07.再婚をしました。子どもは全員とも相続人となるの?

親子関係にある子どもは相続人となります。

再婚して、相手方である新しい配偶者との間に子どもが生まれたときは、その子どもには相続権があります。しかしその配偶者の連れ子がいた場合はその子どもは、被相続人とは親子関係がありませんので、相続人にはなりません。

新しい配偶者のとの再婚した相手の連れ子にも相続権があるのでしょうか?

①被相続人Xは配偶者Yと結婚しました。②配偶者Yには元配偶者Zとの間の子Aがいます。③被相続人Xと配偶者Yと子Aの3人で最初は暮らしていました。その後2人の間で新しく子Bが誕生し、4人家族として新しい家庭を築いています。

被相続人Xと配偶者Yとの間の子である子BはXと親子関係にあります。一方、被相続人Xと子Aの母であるYとは結婚をしていますが、被相続人Xと子Aとの間には、親子関係が生じません。たとえXと子Aが同居し、Xに養われていたとしても、その事実だけで親子関係が生じるものではないからです。このケースでは、被相続人Xの現配偶者であるYと子Bは相続権がありますが、子Aには相続権がありません。

再婚した相手の連れ子にも相続権があるのでしょうか

08.養子縁組をしました。相続人の範囲はどうなるの?
(ここでは普通養子縁組に限り説明します。)

養子縁組をすると養子は養親の相続人となります。

養子縁組とは届出等をすることで養親と養子とに親子関係を生じさせるものです。そして養子縁組が成立して、養親養子間で新たな親子関係が発生しても、実親と養子の親子関係は終了することなく、引き続き存続することになります。例えば、養親が亡くなって相続が発生したときは、養子は相続人となりますし、実父母が亡くなって相続が発生しても、相続人となります。

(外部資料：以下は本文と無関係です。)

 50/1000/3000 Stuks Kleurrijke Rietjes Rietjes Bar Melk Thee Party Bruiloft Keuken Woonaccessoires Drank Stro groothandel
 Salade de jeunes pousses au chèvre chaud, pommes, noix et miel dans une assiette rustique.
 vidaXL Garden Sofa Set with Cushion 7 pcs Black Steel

養子縁組をすると実父母からの相続は受けられなくなるの?

養親と養子Aが養子縁組すると新しく養親と養子Aについて親子関係が形成されます。一方、実父母と養子Aとの親子関係は、たとえAが養子となったとしても、維持されたまま変ることはありません。よってこの場合では、養子Aは養親の相続人にもなりますし、実父、実母の相続人にもなります。

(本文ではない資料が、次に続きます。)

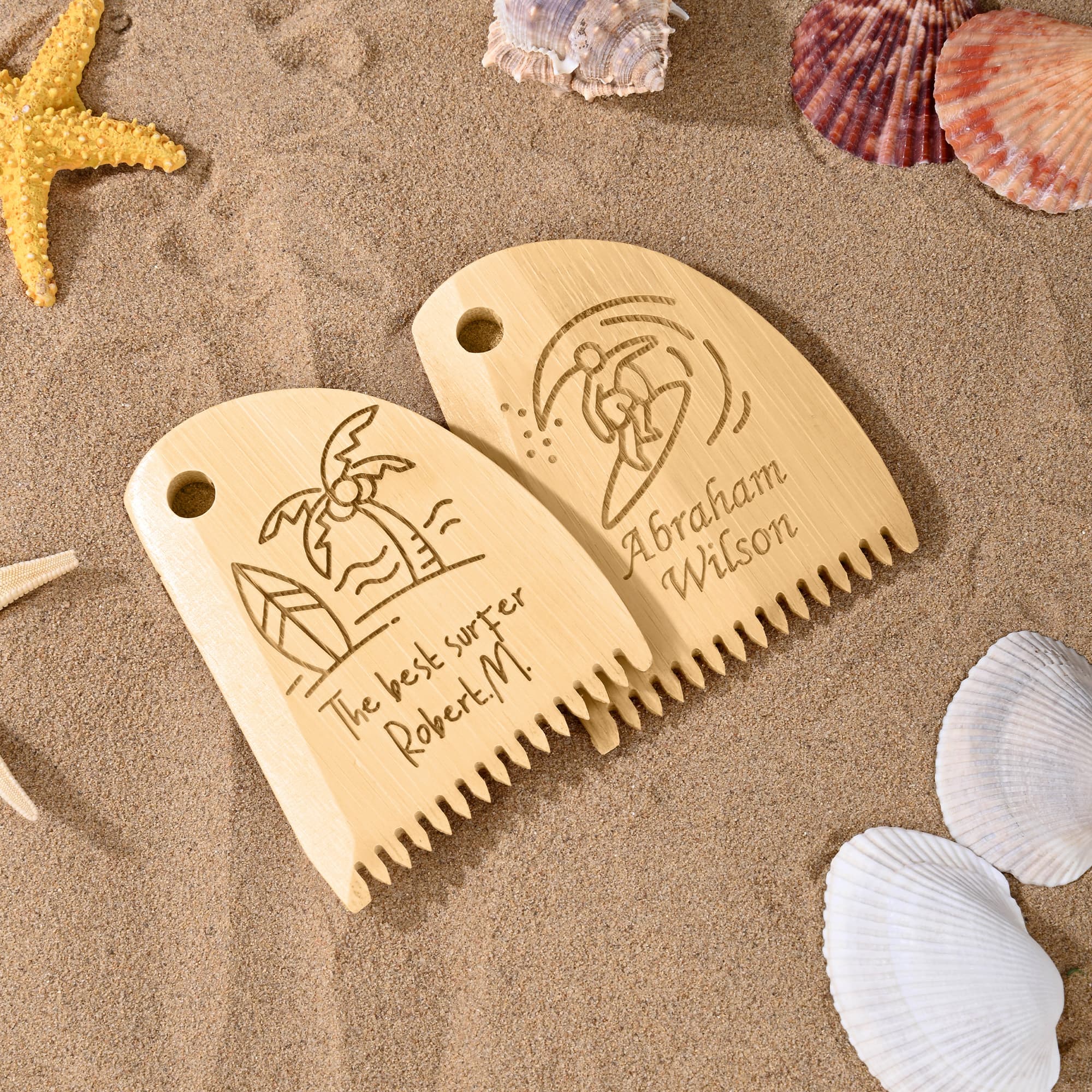 Personlig Shark Sea Turtle Design Wooden Surfboard Wax Comb med graverad text Födelsedagspresent för surfingälskare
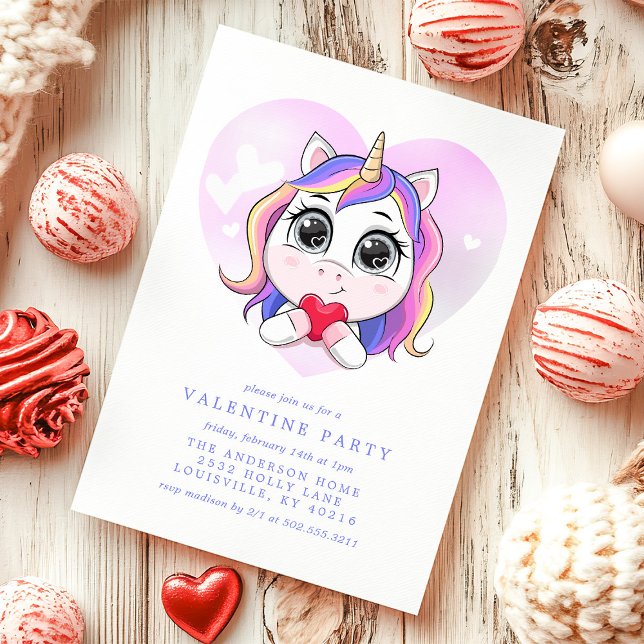 Invitation Cœur de licorne Fête de la Saint-Valentin mignonne (Créateur téléchargé)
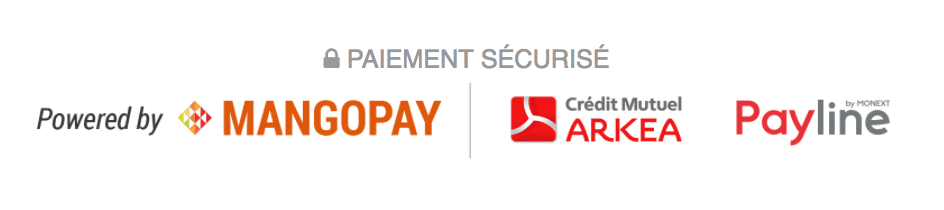 Logos de sécurité des paiements : Mangopay, Arkéa et Payline sur une barre gris clair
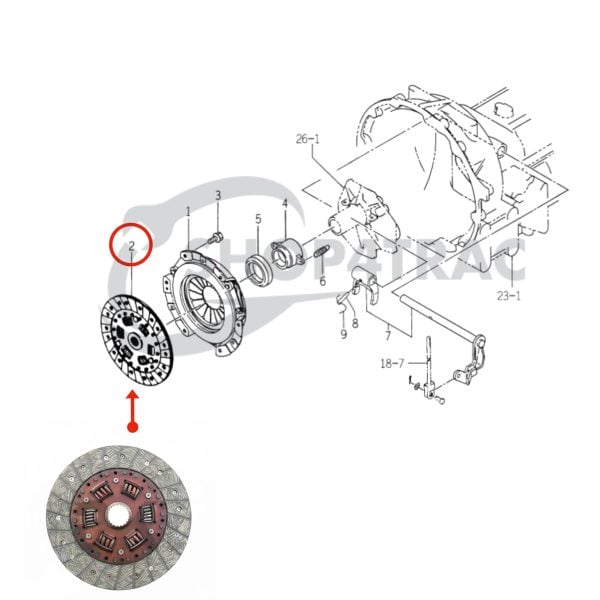 Disco de embrague Iseki TG5330 – TG5390 | SF300 – SF333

一方、養子縁組は届出等をすることで解消することもできます。その場合は養親養子間の親子関係は終了することになります。

養子縁組をしても実父母の関係

再婚と同時に相手の連れ子と養子縁組しました。その後離婚をしたのですが、その連れ子は相続人になるのでしょうか?

①再婚の相手方に前の結婚のときに生まれた子どもAがいました。②再婚と同時にその子どもAと養子縁組をしました。③その後再婚相手とは離婚をしました。

被相続人Xが配偶者Yと結婚しただけでは、その相手方の子どもである子Aとは、親子関係が生じません。しかし今回の場合は、再婚と同時に養子縁組をしているので、婚姻を原因ではなく養子縁組を原因として親子関係が生じます。そしてその後、被相続人Xと配偶者Yとが離婚によって婚姻関係が終了しても、養子縁組による親子関係は終了しません。よって離婚後もその子Aとは離縁の手続きにより養子縁組を解消するまで親子ですので、相続人となります。

再婚と同時に相手の連れ子と養子縁組しました。その後離婚

別れた妻が再婚し、妻との間の子も再婚相手と養子縁組しました。養子縁組をした子はもう相続人ではないの?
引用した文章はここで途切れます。